Risk Update

Conflicts News — Facebook (New Name TBD) Conflict Fight, Activision Accusation De-Activated

Denied lead in Facebook derivative suit, Block & Leviton cries conflict, seeks appeal” —

  • “The shareholder firm Block & Leviton is refusing to walk away quietly from a high-profile derivative suit against Facebook Inc board members. The firm has asked a Delaware Chancery Court judge for permission to appeal his Oct. 5 order appointing three other plaintiffs firm to lead the breach-of-duty case, which accuses Facebook directors of protecting CEO Mark Zuckerberg at the company’s expense in a $5 billion settlement with the U.S. Federal Trade Commission in 2019.”
  • “Block & Leviton contends that rival shareholder lawyers from Scott + Scott, Kaplan Fox & Kilsheimer and Prickett, Jones & Elliott cannot represent Facebook’s interests in the derivative suit because Scott + Scott is also representing plaintiffs in two antitrust cases seeking big-money damages from the company.”
  • “Block & Leviton’s request to bring an appeal at the Delaware Supreme Court argues that no Delaware court has previously allowed a shareholder firm to pursue derivative claims on behalf of a corporation while simultaneously representing different clients asserting direct claims against the company. ‘This is an exceptional matter,’ the filing said. ‘The Court of Chancery affirming that lawyers can act as fiduciaries for a Delaware corporation in derivative litigation while simultaneously representing other clients in other actions … is a statement that will have dramatic implications for the way that the stockholder-plaintiff bar operates.'”
  • “The judge gave considerable attention to the conflicts issue, acknowledging that other Delaware courts – most notably in transcript orders from then-vice chancellor Leo Strine in 2012’s In re Duke Energy and then-vice chancellor Tamika Montgomery-Reeves in 2018’s In re Towers Watson & Co. – have expressed reservations about shareholder firms suing derivatively on behalf of a corporation while also suing the corporation directly.”
  • “But Slights cited two other Delaware Chancery Court decisions – former vice chancellor John Noble’s ruling in 2014’s In re Ebix Inc and his own 2018 opinion in In re Tesla Motors Inc – holding that a lead shareholder can pursue simultaneous derivative and direct claims against board members.”

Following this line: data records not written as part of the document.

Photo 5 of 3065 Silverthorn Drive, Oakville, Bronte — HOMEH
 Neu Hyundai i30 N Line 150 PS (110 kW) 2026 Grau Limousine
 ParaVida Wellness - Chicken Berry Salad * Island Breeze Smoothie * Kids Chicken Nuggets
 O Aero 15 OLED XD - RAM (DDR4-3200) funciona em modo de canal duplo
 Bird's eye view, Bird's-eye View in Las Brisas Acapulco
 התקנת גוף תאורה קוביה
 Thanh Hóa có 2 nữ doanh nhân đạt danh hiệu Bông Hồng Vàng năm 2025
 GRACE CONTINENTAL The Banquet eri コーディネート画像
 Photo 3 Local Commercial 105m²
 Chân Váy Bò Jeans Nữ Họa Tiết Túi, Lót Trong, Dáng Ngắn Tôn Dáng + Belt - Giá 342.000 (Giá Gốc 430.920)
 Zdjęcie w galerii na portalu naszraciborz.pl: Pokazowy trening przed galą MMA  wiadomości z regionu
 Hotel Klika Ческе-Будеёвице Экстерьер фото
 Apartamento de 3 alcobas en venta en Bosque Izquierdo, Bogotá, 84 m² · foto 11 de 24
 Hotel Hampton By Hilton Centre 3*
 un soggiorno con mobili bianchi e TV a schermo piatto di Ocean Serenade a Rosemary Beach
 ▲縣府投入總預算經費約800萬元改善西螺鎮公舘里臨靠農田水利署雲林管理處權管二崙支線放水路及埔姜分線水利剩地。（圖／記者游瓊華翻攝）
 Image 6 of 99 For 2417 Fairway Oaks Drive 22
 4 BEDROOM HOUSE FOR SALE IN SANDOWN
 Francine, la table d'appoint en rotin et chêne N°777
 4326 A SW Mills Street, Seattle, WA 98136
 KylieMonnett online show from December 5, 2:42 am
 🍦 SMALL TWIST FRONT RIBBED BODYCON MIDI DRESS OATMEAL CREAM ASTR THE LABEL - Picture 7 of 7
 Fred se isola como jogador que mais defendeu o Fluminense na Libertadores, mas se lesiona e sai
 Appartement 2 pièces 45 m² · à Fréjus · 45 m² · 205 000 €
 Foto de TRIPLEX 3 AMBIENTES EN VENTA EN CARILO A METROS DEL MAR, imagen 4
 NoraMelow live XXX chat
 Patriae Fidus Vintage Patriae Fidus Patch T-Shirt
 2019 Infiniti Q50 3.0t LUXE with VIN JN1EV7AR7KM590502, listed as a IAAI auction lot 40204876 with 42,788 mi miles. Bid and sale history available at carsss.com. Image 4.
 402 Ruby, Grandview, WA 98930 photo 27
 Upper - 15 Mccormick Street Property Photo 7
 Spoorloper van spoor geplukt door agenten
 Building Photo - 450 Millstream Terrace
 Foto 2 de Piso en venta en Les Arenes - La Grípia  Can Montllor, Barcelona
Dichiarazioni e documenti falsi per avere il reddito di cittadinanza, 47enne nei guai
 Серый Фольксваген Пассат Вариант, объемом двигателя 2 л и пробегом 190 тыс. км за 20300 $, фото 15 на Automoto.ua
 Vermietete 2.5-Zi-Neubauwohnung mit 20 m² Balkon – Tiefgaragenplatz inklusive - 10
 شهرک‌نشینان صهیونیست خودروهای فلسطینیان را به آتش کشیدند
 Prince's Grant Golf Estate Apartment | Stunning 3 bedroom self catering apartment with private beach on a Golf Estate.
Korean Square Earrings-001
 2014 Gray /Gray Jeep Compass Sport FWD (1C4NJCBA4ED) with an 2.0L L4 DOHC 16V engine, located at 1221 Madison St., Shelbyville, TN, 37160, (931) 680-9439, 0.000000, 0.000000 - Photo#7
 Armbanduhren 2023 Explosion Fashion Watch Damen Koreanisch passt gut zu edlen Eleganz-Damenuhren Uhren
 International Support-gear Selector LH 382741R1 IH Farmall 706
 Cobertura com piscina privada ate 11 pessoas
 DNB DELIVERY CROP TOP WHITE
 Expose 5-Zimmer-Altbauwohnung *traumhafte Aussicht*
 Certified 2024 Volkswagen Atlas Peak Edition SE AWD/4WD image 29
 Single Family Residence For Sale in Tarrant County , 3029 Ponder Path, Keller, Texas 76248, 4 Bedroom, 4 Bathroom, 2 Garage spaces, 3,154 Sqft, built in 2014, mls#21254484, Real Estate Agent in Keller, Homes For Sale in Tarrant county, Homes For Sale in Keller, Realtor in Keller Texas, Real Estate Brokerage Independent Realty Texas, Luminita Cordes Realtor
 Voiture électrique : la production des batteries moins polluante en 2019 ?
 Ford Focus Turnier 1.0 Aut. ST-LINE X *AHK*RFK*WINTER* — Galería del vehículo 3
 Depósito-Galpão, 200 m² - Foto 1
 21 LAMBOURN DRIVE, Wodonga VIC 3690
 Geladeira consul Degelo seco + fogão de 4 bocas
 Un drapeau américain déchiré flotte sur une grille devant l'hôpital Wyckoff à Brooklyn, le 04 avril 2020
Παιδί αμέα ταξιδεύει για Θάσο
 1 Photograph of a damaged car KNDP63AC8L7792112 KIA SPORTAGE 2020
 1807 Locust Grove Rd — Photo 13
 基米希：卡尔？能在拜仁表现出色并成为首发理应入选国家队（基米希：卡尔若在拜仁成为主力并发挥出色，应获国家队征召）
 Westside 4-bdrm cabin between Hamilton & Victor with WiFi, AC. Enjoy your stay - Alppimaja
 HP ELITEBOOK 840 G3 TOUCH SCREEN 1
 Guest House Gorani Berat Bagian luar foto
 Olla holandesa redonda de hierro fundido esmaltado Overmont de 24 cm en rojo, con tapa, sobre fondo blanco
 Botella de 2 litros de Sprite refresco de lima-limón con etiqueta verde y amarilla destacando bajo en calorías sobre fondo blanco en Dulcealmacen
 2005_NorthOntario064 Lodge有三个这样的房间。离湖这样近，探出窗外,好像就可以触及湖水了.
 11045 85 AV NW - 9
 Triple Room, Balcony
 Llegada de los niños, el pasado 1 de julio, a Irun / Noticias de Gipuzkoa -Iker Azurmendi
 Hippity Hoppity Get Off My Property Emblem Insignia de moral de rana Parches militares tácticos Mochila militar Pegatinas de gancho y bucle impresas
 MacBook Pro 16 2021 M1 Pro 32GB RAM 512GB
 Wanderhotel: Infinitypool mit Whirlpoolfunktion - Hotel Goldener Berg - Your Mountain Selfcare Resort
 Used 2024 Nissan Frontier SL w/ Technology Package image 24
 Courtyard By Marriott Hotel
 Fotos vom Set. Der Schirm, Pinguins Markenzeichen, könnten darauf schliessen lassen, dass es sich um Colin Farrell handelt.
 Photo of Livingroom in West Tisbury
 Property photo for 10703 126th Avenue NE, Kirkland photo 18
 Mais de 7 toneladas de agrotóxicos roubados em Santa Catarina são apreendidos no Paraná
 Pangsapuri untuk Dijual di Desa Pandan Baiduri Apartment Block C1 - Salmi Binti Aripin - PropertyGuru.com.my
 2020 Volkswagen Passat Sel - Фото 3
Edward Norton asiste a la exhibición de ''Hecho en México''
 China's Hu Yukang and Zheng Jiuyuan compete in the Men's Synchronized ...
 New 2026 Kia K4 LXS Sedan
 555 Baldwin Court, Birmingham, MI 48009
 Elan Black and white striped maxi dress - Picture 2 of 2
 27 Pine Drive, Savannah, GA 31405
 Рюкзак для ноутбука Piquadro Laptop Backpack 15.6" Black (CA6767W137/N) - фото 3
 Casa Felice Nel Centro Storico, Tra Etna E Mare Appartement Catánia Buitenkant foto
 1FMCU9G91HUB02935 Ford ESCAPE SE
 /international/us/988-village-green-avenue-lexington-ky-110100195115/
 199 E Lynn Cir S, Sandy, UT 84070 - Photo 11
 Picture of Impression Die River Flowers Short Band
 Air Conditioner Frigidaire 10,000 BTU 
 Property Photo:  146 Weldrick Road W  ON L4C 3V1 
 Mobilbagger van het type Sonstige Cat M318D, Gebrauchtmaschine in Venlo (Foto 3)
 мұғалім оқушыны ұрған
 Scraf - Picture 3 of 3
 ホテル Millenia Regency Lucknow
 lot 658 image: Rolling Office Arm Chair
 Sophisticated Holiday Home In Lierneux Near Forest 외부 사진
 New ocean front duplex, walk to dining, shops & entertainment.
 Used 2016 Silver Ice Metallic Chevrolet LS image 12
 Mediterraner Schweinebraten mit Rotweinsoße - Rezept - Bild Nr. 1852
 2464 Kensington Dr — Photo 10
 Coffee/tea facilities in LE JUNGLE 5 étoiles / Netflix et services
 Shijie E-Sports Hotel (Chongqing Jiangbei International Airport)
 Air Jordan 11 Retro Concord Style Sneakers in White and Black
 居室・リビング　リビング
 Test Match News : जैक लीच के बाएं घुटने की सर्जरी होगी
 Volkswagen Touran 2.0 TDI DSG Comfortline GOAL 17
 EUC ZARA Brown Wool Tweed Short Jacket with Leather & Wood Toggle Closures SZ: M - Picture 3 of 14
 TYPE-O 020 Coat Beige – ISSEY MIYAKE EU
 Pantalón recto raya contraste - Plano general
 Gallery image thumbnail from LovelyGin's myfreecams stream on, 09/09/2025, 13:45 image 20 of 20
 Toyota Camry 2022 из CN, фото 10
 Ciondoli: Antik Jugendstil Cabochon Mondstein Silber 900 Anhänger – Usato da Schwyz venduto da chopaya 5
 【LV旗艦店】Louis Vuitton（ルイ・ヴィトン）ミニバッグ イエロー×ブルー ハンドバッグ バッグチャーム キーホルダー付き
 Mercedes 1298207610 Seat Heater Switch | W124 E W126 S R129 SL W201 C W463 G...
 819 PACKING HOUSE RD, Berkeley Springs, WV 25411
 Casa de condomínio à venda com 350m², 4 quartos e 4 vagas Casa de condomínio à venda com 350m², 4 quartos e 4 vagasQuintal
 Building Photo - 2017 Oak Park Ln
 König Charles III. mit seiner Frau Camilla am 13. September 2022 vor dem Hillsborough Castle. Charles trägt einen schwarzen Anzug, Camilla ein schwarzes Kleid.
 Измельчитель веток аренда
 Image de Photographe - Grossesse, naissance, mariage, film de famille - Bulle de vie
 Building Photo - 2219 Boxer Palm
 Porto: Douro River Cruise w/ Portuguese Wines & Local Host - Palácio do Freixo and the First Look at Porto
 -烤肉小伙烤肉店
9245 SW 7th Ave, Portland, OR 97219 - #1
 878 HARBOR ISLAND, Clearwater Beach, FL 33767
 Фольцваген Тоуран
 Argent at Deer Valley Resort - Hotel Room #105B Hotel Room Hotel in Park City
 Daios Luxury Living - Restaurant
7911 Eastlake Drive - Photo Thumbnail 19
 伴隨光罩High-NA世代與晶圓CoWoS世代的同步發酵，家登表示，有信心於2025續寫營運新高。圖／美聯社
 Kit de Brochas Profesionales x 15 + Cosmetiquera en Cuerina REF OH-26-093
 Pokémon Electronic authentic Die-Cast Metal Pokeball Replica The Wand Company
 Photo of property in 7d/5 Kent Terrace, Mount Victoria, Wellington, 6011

Activision Loses Bid to Halt Bias Suit Over Ethics Claims” —

  • “Activision Blizzard Inc. failed to convince a California court on Friday to temporarily halt an ongoing sexual harassment and discrimination case filed by the state’s Department of Fair Employment and Housing.”
  • “Activision asked the court on Oct. 19 to pause the case to give it time to investigate ethics allegations against the agency, and to potentially bring a motion to disqualify certain attorneys.”
  • “The state agency said its lawsuit followed a two-year investigation which found company leadership consistently failed to take steps to prevent discrimination in terms compensation, promotion, and termination, among other areas. It later accused Activision of suppressing and destroying evidence, which the game maker vehemently denied.”
  • “The company’s request to halt the case stemmed from a parallel federal lawsuit against Activision involving the U.S. Equal Employment Opportunity Commission. That federal agency reached a proposed $18 million settlement with Activision in September to resolve discrimination and retaliation claims, but DFEH objected, arguing the deal includes a procedure to release Activision from state claims that the EEOC lacks standing to prosecute.”
  • “The EEOC asked the federal court to block DFEH’s bid to intervene in the case, claiming its investigation of Activision was directed by two lawyers who later joined DFEH and hold leadership roles in the state agency. ‘After being informed of this conflict, DFEH retained new counsel but appears to have filed the present intervention motion just hours after this counsel was retained, strongly suggesting that the motion is a product of the prohibited representation,’ the EEOC said in a brief.”